There is no right or wrong behavioural style. Each style has its positives and negatives, yin and yang, dark and light, good and bad. It is also not possible to categorise people absolutely accurately.
You will find that even if individuals belong to the same behavioural category, there will be substantial differences between them. People also change when they relax, socialise or are under pressure – a Driver may become more Amiable or Analytical, or an Expressive more like a Driver, and so on. This is what I referred to earlier as ungeneral behaviour.
How do you change when you are at work versus at home, or if you’ve had a few glasses of champagne, or if you are under huge pressure?
We all have a bit of each style in us, but we have a ‘primary’ behavioural style and a ‘secondary’ (or ungeneral) style. I will avoid getting into the secondary styles, as that level of analysis requires a lot more detail – and we have enough information using the four primary behavioural styles to press hot buttons and close deals more effectively.
Should you modify your behaviour to get the deal?

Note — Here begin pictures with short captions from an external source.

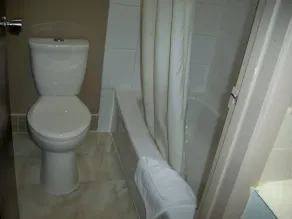 Motel 8 - Bathroom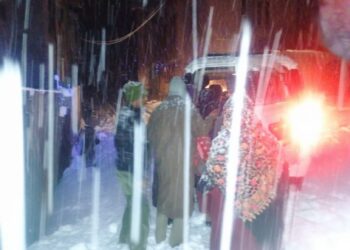 *Baramulla Police Conduct Rescue Operations and Provide Medical Assistance Amid Snowfall*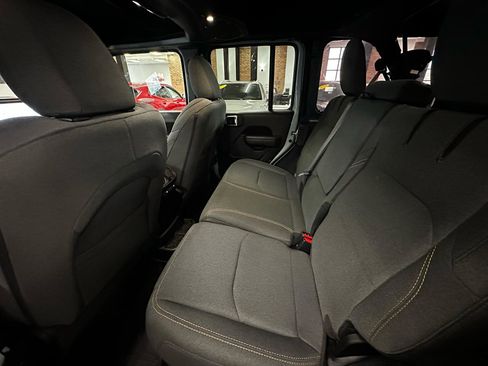 Used 2024 Jeep Wrangler Unlimited w/ Convenience Group image 16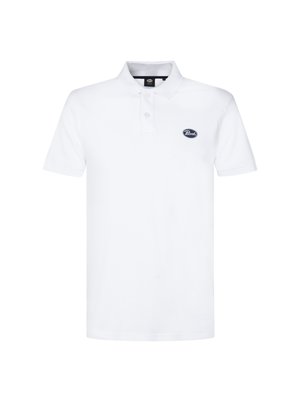 Polo shirt alb din bumbac, cu guler clasic, trei nasturi și o mică etichetă cu brand pe pieptul stâng. Mâneci scurte.
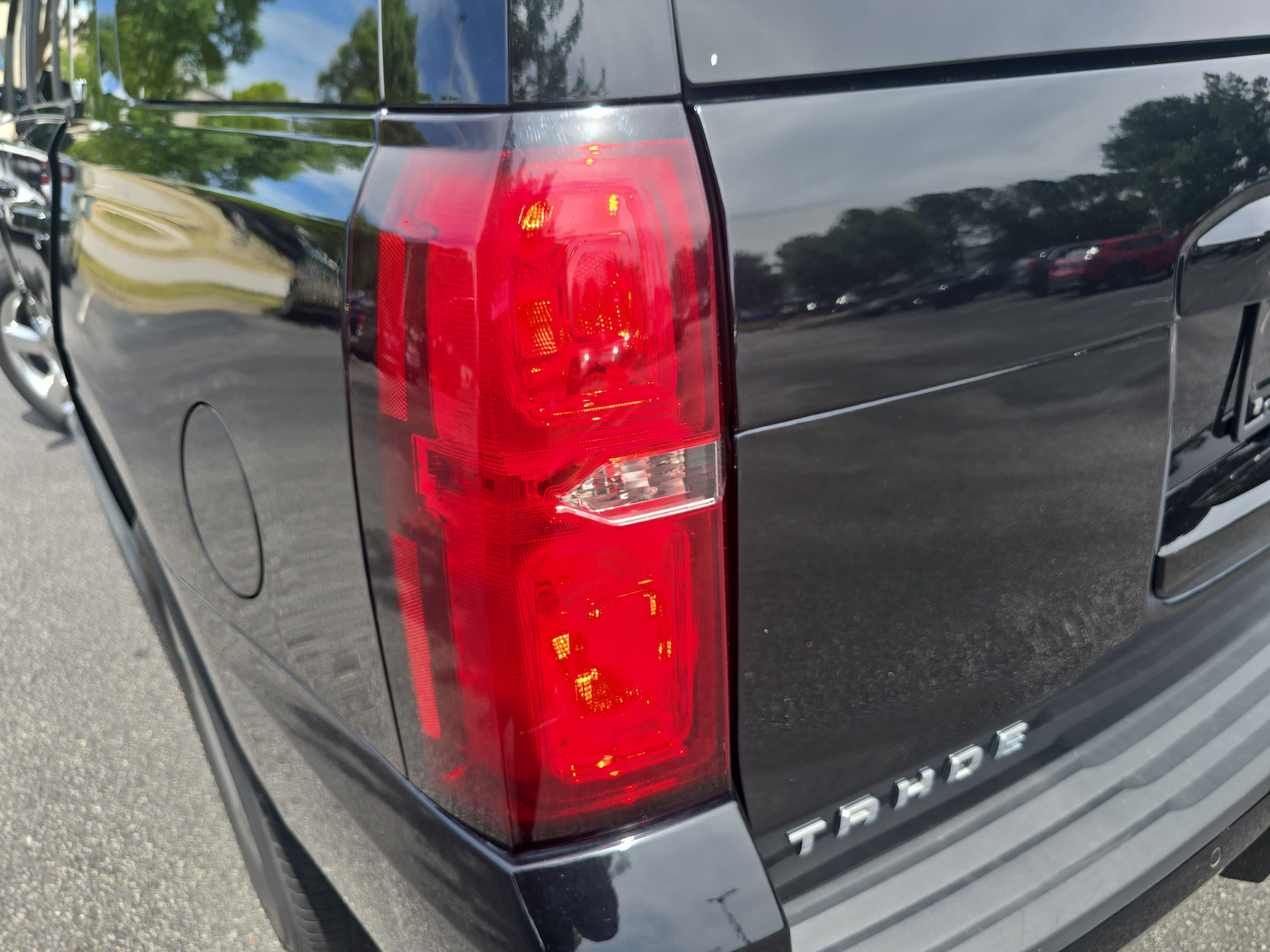 Used 2017 Chevrolet Tahoe LT AWD/4WD image 37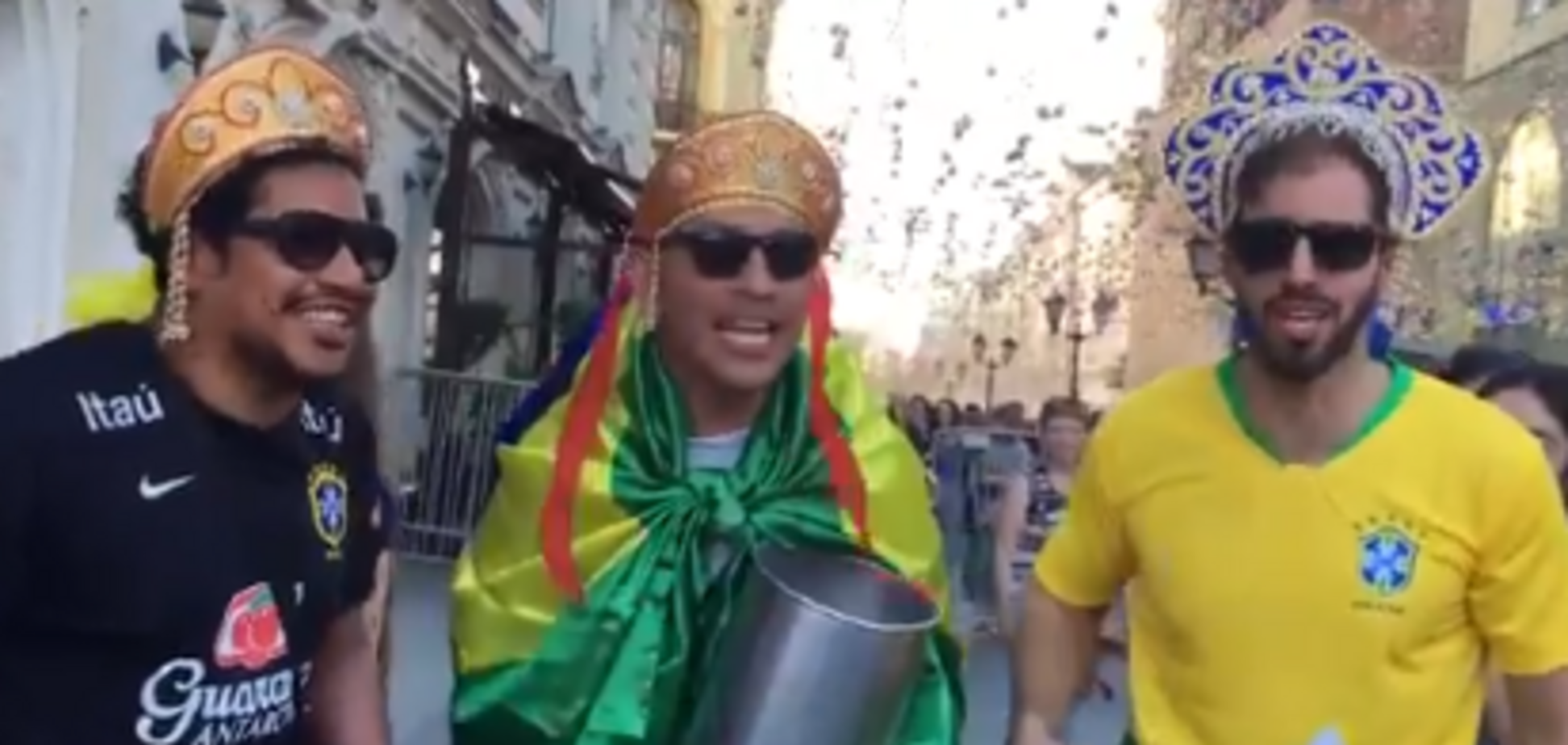'Гей-бары ждут!' В  России нашли пользу от 'кокошникообразных'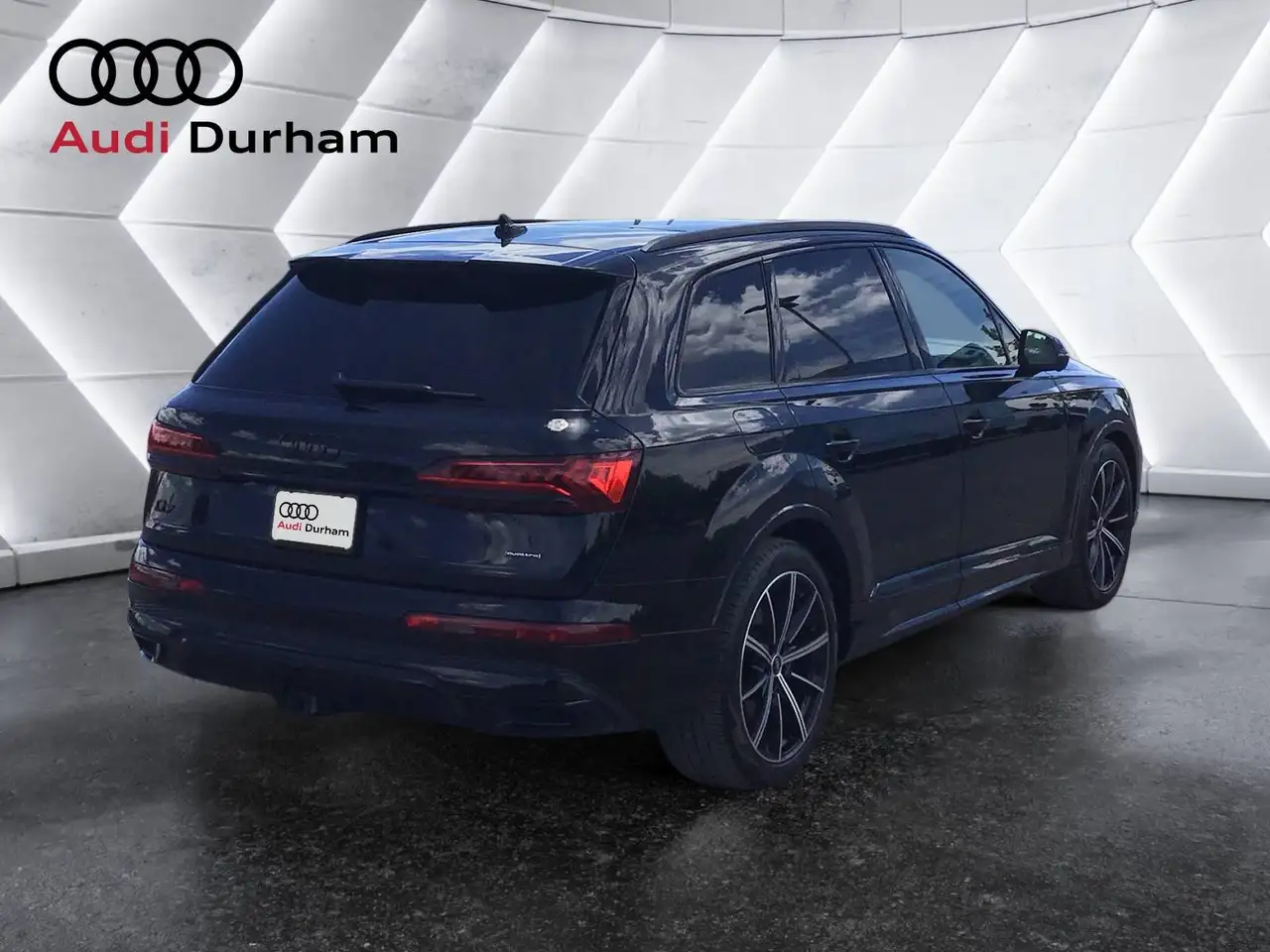 Audi Q7 - Image 5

Short answer? Yes. You need to modify your conversations and proposals to meet the other person’s behavioural style. When you do this, you present the deal in a manner in which the other person is more likely to respond positively.
Understanding someone else’s behavioural style helps you to build a relationship with that person, as you ‘speak their language’. People want to be treated as individuals, and for their specific Needs and Wants to be addressed. Avoiding the ‘one-size-fits-all’ mindset will serve you well in getting what you want.
A word in closing: you probably know from experience that it is impossible to change someone – only they can decide whether they want to change or not. What you can change, though, is your behaviour. Adjusting your behaviour to accommodate someone else’s style is not selling out. Adjusting your behaviour to make sure you get the deal you want is playing smart and being considerate.
Back to our example of applying for the marketing manager position. Assume you are now going to meet with the human resources manager. She greets you warmly, offers you tea and invites you into her office. You look around. There are photos of her with her children, the kids’ art is on her wall, there are three pot plants on her desk. What style is she likely to be? An Amiable.
Imagine, though, that you are presenting your curriculum vitae to four different people in the company, all of whom have different behavioural styles. How do you modify your behaviour to build rapport and give them what they Need and Want?
Expressive
Be animated. Show enthusiasm. Talk about the big picture, the exciting ideas you have, and how you plan to bring new energy into the marketing portfolio. If you are doing a presentation, make it colourful and short. You can press them for an answer or a sign of buy-in during your interaction.
Amiable
Be friendly and warm. Ask them questions about their family and interests beyond work. Show them how the work you do will focus on building relationships and harmony. They will be patient and supportive during your presentation, providing there is human-interest content.
Driver
Be polite and formal and get to the point. Do not talk pie in the sky – concentrate on outcomes and deliverables and results. Do not ask them about their family and do not go into too much detail. They will tell you what information they want. Your presentation must be concise and accurate. Have the supporting documents with you, but do not present them unless asked. You can ask directly for an answer. They will say yes or no, or tell you what they need from you to make a decision.
Analytical
Be relaxed and pleasant, but not overly chummy. Be ready to answer many questions, and answer them in detail. Have as many facts and figures as possible on hand. Your presentation needs to show research and data. Do not push too hard for an answer, but find out what they need to know from you that will help them make a positive decision.
Being able to respond to the person with whom you are dealing by modifying your style will serve you well in business, and in life in general. Practise this with your family and friends, but keep it fun.